Typically, these leagues raise the keeper cost every year so that the discount begins to dwindle over time and eventually, for all but the very best players, the cost is no longer worth it. So if you’ve owned one of these players for several years and the price has escalated to the point of being untenable, well, that’s for you to figure out. Again, I can’t account for every possible scenario. But I can use last year’s draft data as a starting point, giving you a handy reference if this is your first opportunity to keep said player.

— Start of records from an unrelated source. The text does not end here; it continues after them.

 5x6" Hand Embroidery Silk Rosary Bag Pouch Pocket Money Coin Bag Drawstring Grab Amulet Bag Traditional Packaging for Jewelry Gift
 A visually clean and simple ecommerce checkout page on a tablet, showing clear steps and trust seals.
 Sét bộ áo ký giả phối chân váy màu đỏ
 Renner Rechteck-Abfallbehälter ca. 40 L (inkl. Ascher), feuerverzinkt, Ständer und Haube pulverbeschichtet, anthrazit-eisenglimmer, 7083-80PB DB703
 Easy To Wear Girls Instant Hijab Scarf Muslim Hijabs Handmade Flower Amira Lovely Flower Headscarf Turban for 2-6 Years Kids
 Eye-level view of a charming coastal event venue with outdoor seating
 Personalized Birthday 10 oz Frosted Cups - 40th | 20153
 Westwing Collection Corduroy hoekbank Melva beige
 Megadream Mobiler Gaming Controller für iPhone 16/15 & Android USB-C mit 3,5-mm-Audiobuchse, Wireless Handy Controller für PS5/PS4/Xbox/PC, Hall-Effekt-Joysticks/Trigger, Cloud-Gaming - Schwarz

It’s important to understand the methodology or else the whole list seems asinine. For every player, I listed the round where he was drafted last year (average draft position or ADP) for both Head-and-Head and Rotisserie, assuming a 12-team league. I also listed his age as of opening day 2017 because, again, I’m thinking lots of players for a long time. You’d hate to quit on a franchise-shaping talent too early. Then, I just worked my way down the list, asking myself if I’d be willing to give up Player A at his cost for Player B at his cost and, if so, flipping them.

Simple, right? Everyone can think along with me that way. Not everyone will agree with the order, I’m sure, but keep in mind these are the top 50 keepers. That’s a pretty low number, taking every team into consideration, so the chances of any of these players getting thrown back at these costs is slim. But if you do face an impossible choice, well, hopefully it’s a little more possible now.

And if you don’t play in this type of keeper league — or a keeper league at all — there’s still plenty of insight to glean from this list. You’ll just need to filter it appropriately.

Turner was a top prospect, but he wasn’t the prospect everyone was looking at early last year, which makes for a heavy discount for what appears to be a first-round talent.

Since he broke in five years ago, Trout has been the top pick whenever we weren’t outsmarting ourselves, so if you throw him back, you’re not getting him back. Don’t you outsmart yourself now.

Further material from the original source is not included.